A woman who acts for a trouble shooter for a large corporation is brought in to get a brutal sexual assault under control before the story gets out and sinks un upcoming deal. However she quickly learns there is much more going on and she is in the crosshairs.
This is a story told via found footage, CCTV images, texts and computer screens. I mention that up front because some people, myself included, are wary of films told in this manner.
While I don't hate the computer age found footage genre I am not one to run out to see any film told in this manner. When the images and computer screens are put together well and logically I think the genre can be great, when it's not I think it kind of collapses.
Unfortunately COMPLIANCE is one of the times it collapses.
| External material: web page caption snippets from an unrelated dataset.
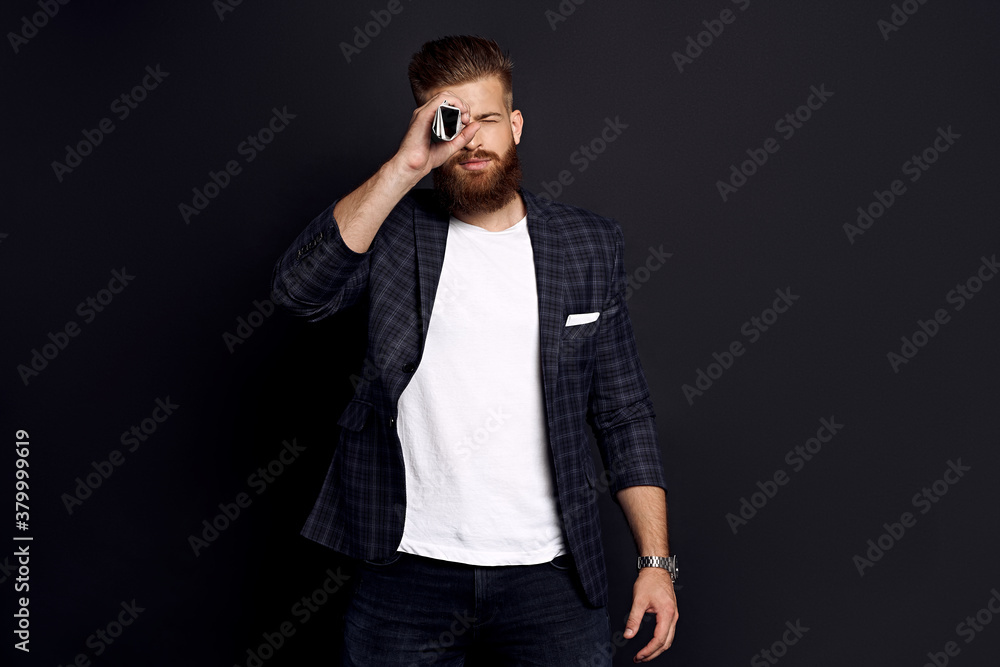 Confident businessman with ginger beard standing on a black background holding a newspaper near his face like a spyglass Confident businessman with ginger beard standing on a black background holding a newspaper near his face like a spyglass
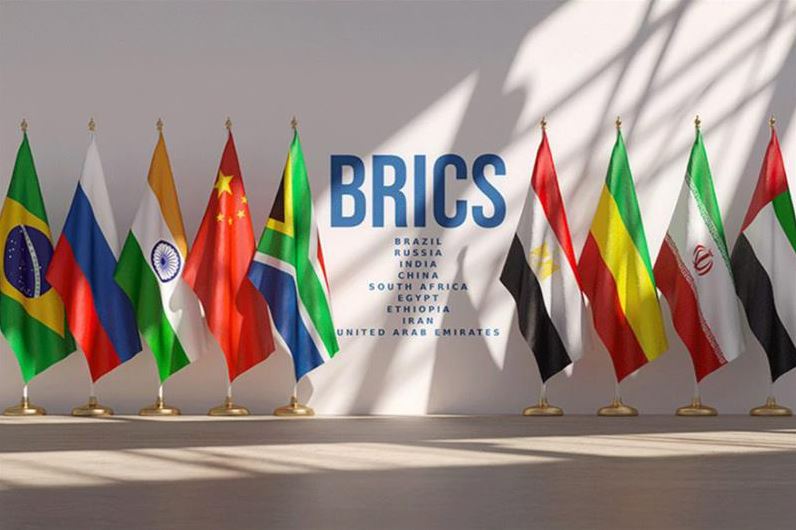 Flags of BRICS nations displayed with the BRICS alliance logo.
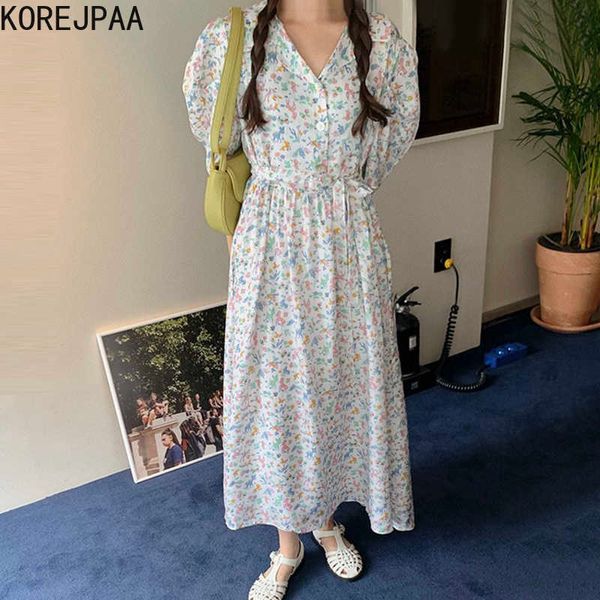 Korejpaa vestido de mujer verano reductor de edad dulce solapa pantalla completa estampado de dibujos animados tres botones con cordones Puff manga Vestidos 210526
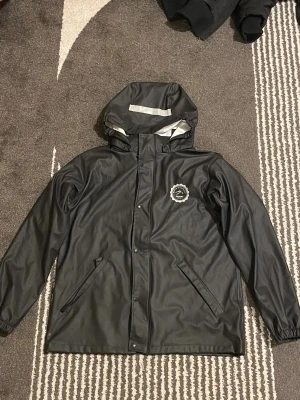 Svart regnjacka från Tuxer med huva - Svart regnjacka från Tuxer med huva och reflexdetaljer. Jackan har två snedställda fickor framtill, tryckknappar och dragkedja. Materialet är syntet och jackan har en vit insida. Perfekt för regniga dagar när du vill hålla dig torr.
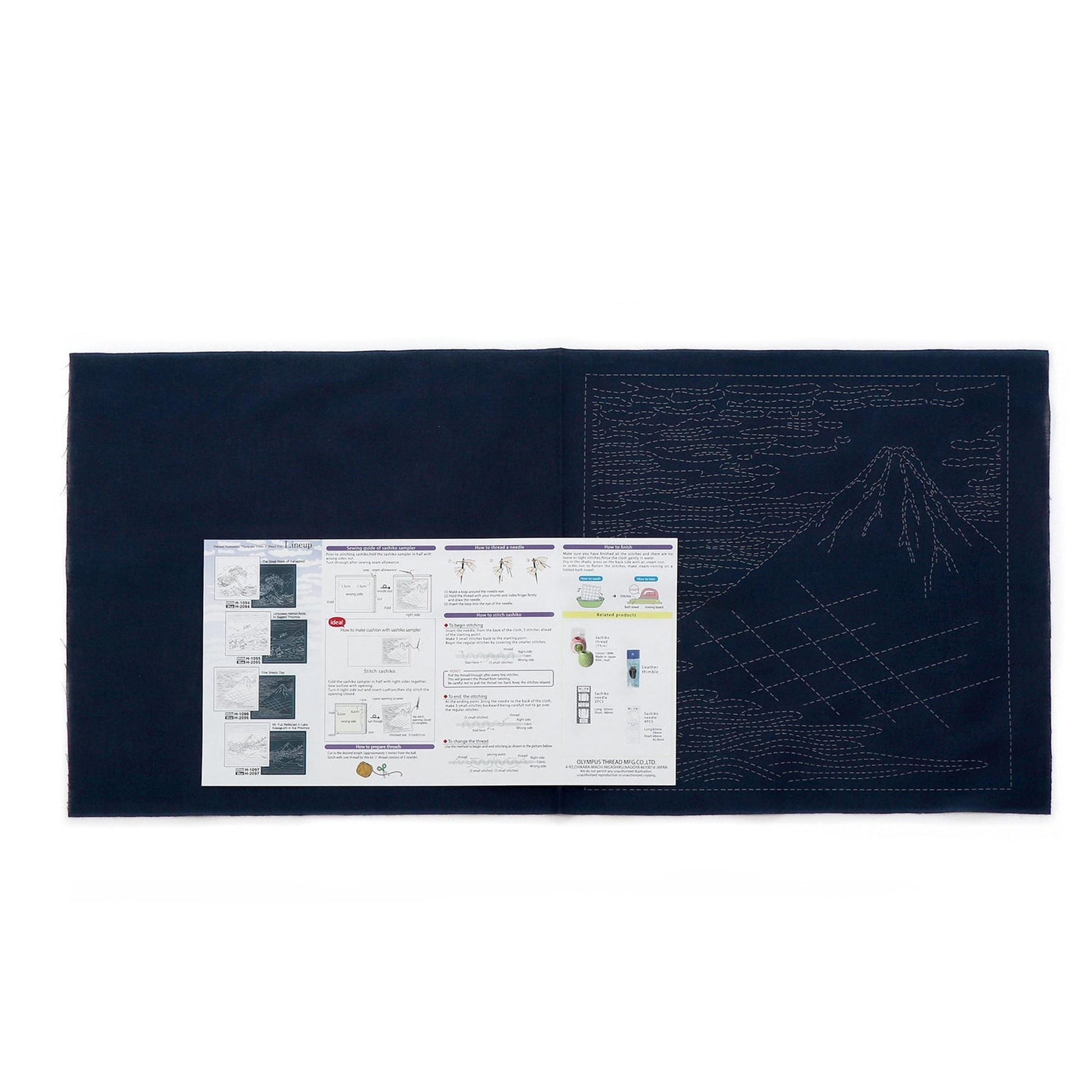 The image is a black and white photograph of a large piece of paper with instructions or information printed on it, placed on a dark surface.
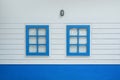 Two windows on white wood wall, outdoor view. Colorful blue window from front outside of house Royalty Free Stock Photo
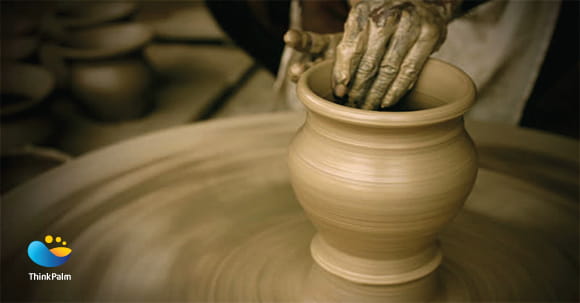 Potter moulding clay on pottery wheel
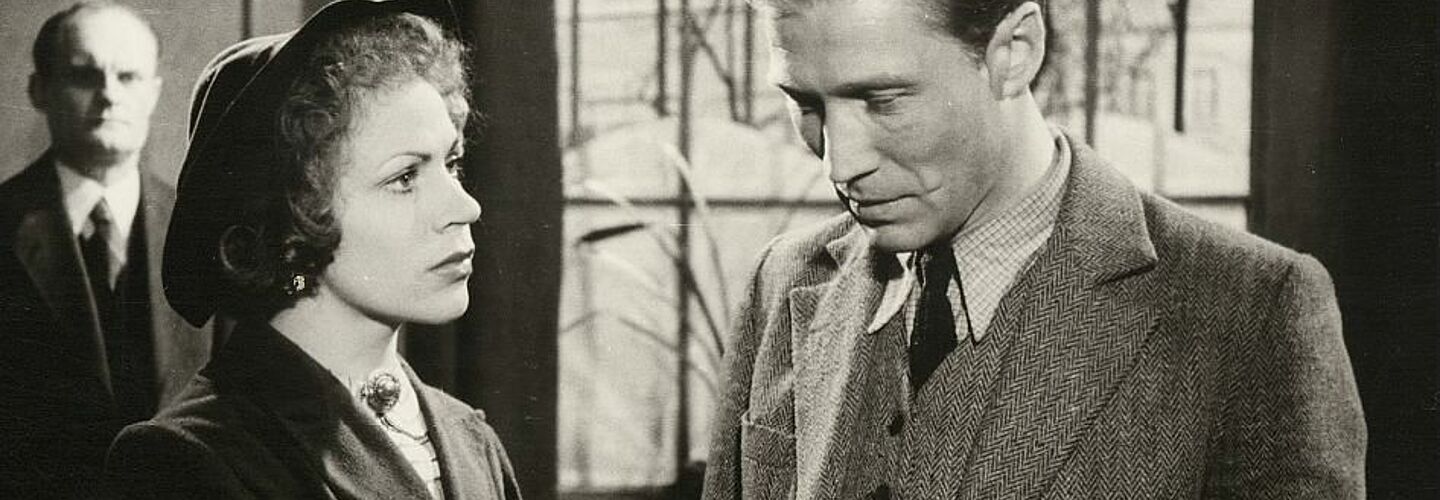 Das Bild zeigt eine Szene aus dem Film 'Affaire Blume' von 1948. Ein Mann und eine Frau stehen halbschräg nebeneinander, der Mann hat den Blick gesenkt, während die Frau zu ihm aufschaut.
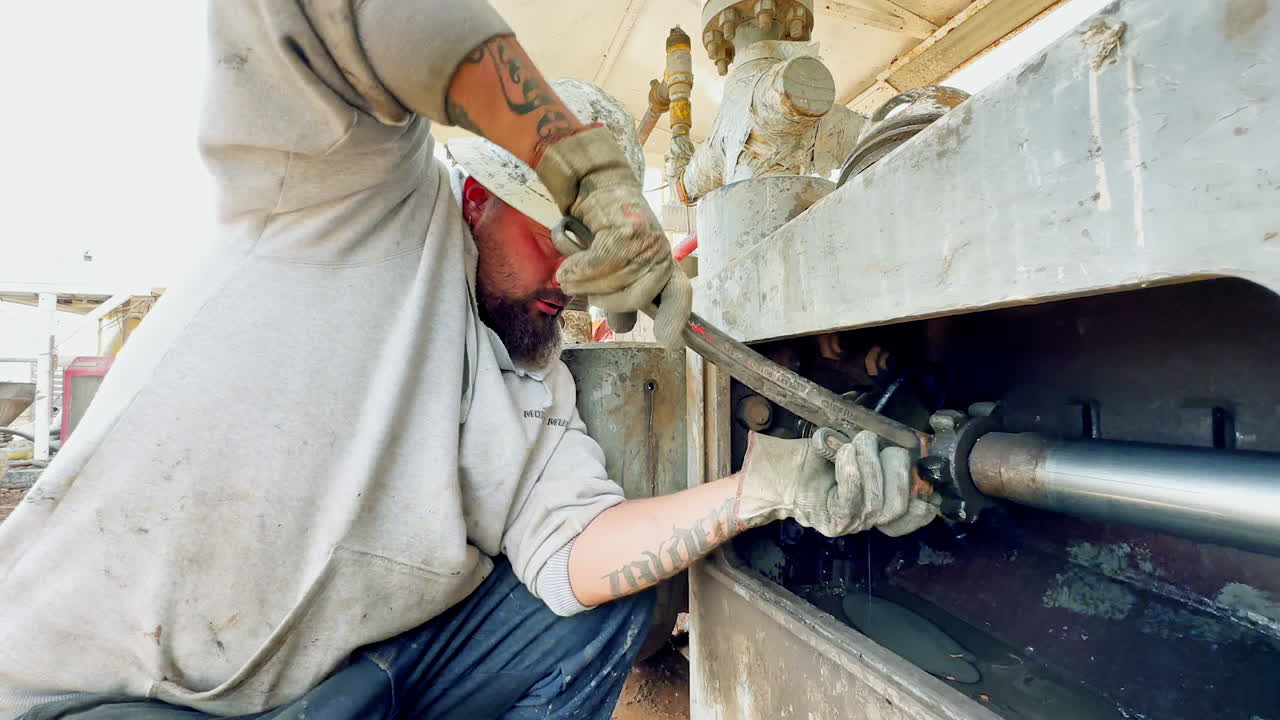 Big Caucasian bearded man in protective helmet using a wrench on the metal pipe. Portrait of a person working in gas production industry.
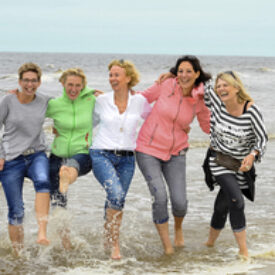 Freundinnen laufen gemeinsam am Strand von Norderney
The problem with the film starts early on when we begin to see CCTV images that make no sense. Why would our heroine have cameras in her home, and in those locations? The shot choices frequently include CCTV or hidden cameras in places where they never would be. I was taken out of the film because there was no logical reason why we are seeing these things (or why it would all be cut together like this.)
The bigger problem is that the way the story plays out makes no sense. Cops and most of the people in the film don't behave like they do in this film: a rape victim would not be left to just sit in a hopital waiting room, a corporate trouble shooter would not be allowed to run around like this because it would piss people off. No one on screen was a real person, rather they were a badly written character that was created based on watching bad conspiratorial thrillers and too many deranged YouTube videos about dark overlords.
I never bought a moment of it.
Honestly if I didn't trust the programmers at Fantaspoa so much I would have walked away early in the film and never mentioned seeing the film.